= Francisco Xavier Pauer =

18th-century Jesuit missionary

Francisco Xavier Pauer (January 6, 1721 – January 6, 1770) was a Jesuit missionary to Mexico. He replaced Joseph Garrucho at Mission Los Santos Ángeles de Guevavi after the Pima Revolt of 1751, and worked in the area until the expulsion of the Jesuits in 1767.

== Biography ==
Pauer was born on January 6, 1721, in Brno, Moravia. He entered the Society of Jesus in October 1737, and studied at the Jesuit College of Olomouc. Pauer left for the Americas on June 16, 1750, arrived in Veracruz on August 23rd, and traveled from there to Mexico City. That fall, he set out along the west coast with a group of nine other Jesuits, and arrived in the Pimería Alta in spring 1751.

Pauer spent a little while serving at Mission San Xavier del Bac and Presidio San Ignacio de Tubac. With native assistance, Pauer fled the Pima Revolt, along with the other Jesuits in the area. Not long after, Pauer returned to take over Mission Los Santos Ángeles de Guevavi from Joseph Garrucho, who was removed from his position there as a condition of peace. Natives questioned in the subsequent investigation reported that they liked Pauer and had no complaints about him.

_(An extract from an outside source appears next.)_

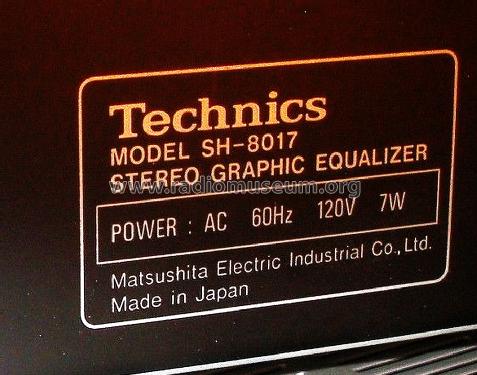 Stereo Frequency Equalizer SH-8017; Technics brand (ID = 1638227) Ampl/Mixer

In 1753, concerned by general unrest among the natives, Pauer retreated first to Mission Santa María Suamca, then to Mission San Miguel de Ures. He returned to Guevavi in December of the same year. At the beginning of January 1754, he traveled through his diocese, baptizing 38 native children at Tubac, 23 at Bac, 28 at Mission San Agustín del Tucson, and 10 at Guevavi. Pauer also made a trip to Mission Nuestra Señora de la Asunción de Arizpe, to retrieve church furnishings which had been kept there during the revolt. In October he fell sick, and went again to Suamca, where he reported on the state of his mission to the visiting Joseph de Utrera. When Pauer returned to Guevavi, he was accompanied by Alonso Ignacio Benito Espinosa, who stayed with him while waiting for a house to be built at Bac. On May 14, 1755, Pauer made his final vows at Arizpe.

In 1756, Pauer founded Mission San Cayetano de Calabazas. Over the next few years, Pauer continued to travel between the local missions, baptizing children and recruiting natives from the surrounding area to replace those the mission lost from disease. He stood godfather to several of the children of Juan Tomás de Beldarrain, captain of Tubac. The mission was frequently raided by Luis Oacpicagigua's Pima followers, but continued to grow.

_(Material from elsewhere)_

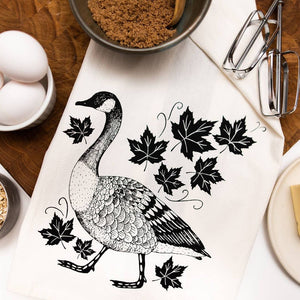 Canada Goose Organic Cotton Tea Towel - Painted Door on Main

Under Pauer's administration, churches were built at Mission San Ignacio de Sonoitac and Mission San José de Tumacácori. Miguel Gerstner joined him briefly at Guevavi in January 1757, and Bernardo Middendorff did the same in August. In January 1760, Pauer was promoted to Father Rector of Pimería Alta, and accordingly reassigned to San Ignacio.

In July 1767, Spanish soldiers arrived to carry out the orders of Charles III by expelling the Jesuits from Mexico. Along with about fifty other Jesuits Pauer was escorted to a church in Mátape, near Hermosillo. From there, the soldiers took them to Guaymas, across the Gulf of Mexico, through Tepic, and to Guadalajara. Many of the Jesuits died on the way, but a few, including Pauer, survived to reach Cádiz in Spain. Pauer died there on January 6, 1770.